- The problem: Exactly the lines from the one with "Colisão ocorreu na" through the end of the data below must be set down, and no pictures with them.

[Opening Data supplied section]

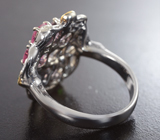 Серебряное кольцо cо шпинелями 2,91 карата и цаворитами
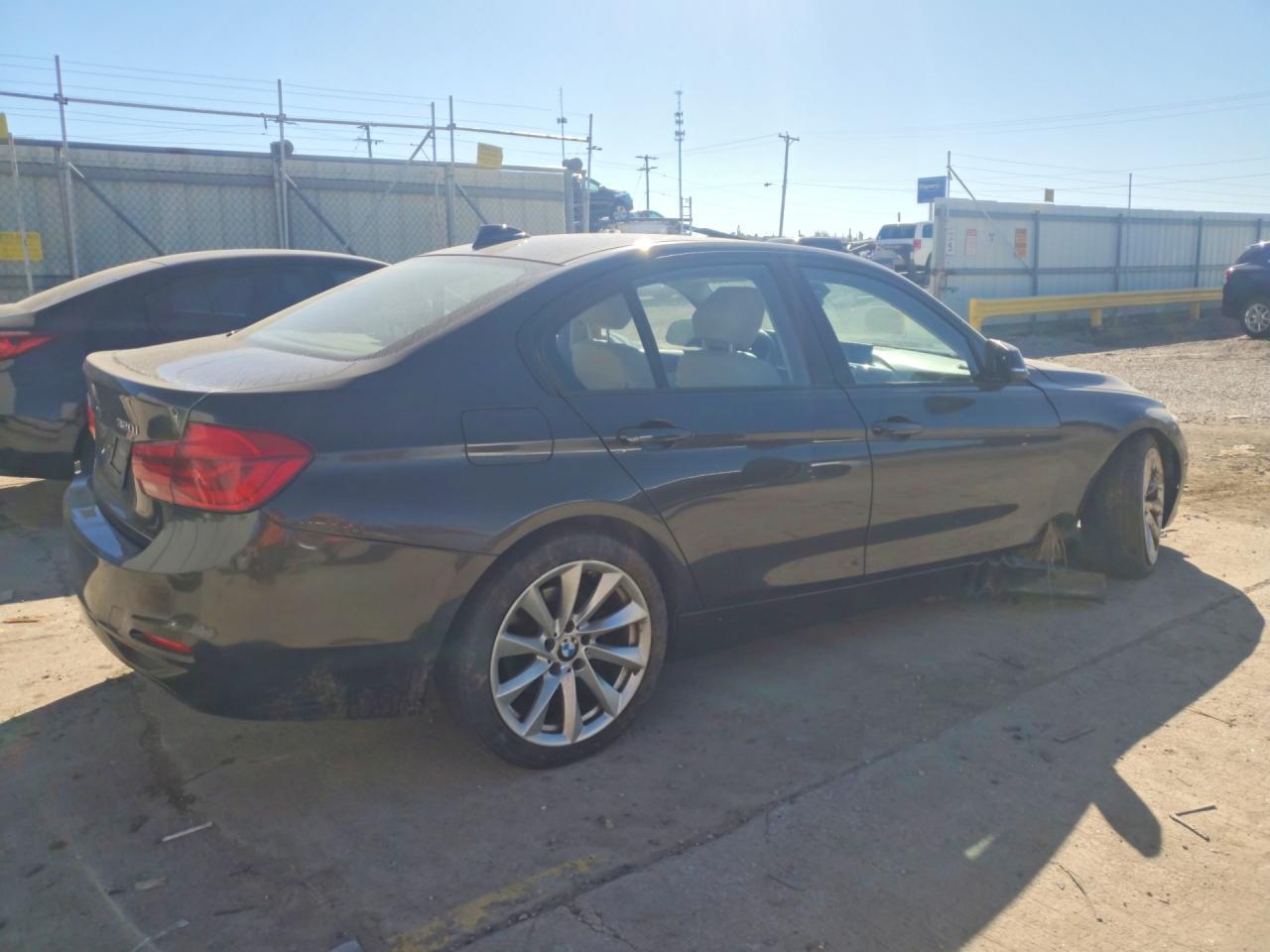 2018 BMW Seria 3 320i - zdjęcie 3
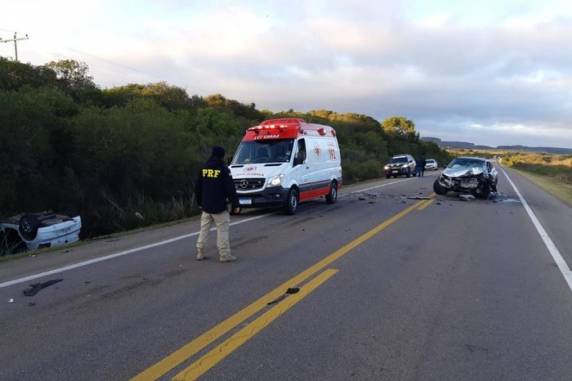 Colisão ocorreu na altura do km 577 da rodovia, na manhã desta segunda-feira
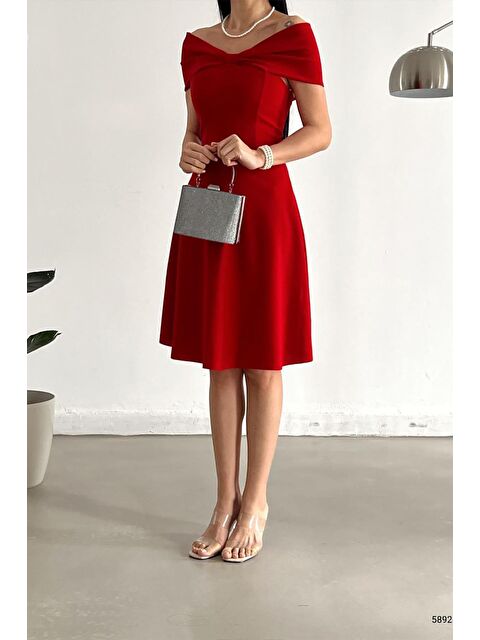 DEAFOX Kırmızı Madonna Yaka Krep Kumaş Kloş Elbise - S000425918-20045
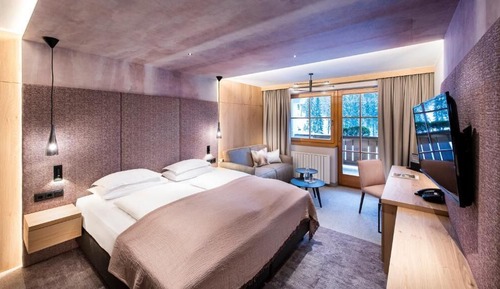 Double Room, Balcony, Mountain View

[Closing Data supplied section]

- Response to the task:
 Colisão ocorreu na altura do km 577 da rodovia, na manhã desta segunda-feira
 DEAFOX Kırmızı Madonna Yaka Krep Kumaş Kloş Elbise - S000425918-20045
 Double Room, Balcony, Mountain View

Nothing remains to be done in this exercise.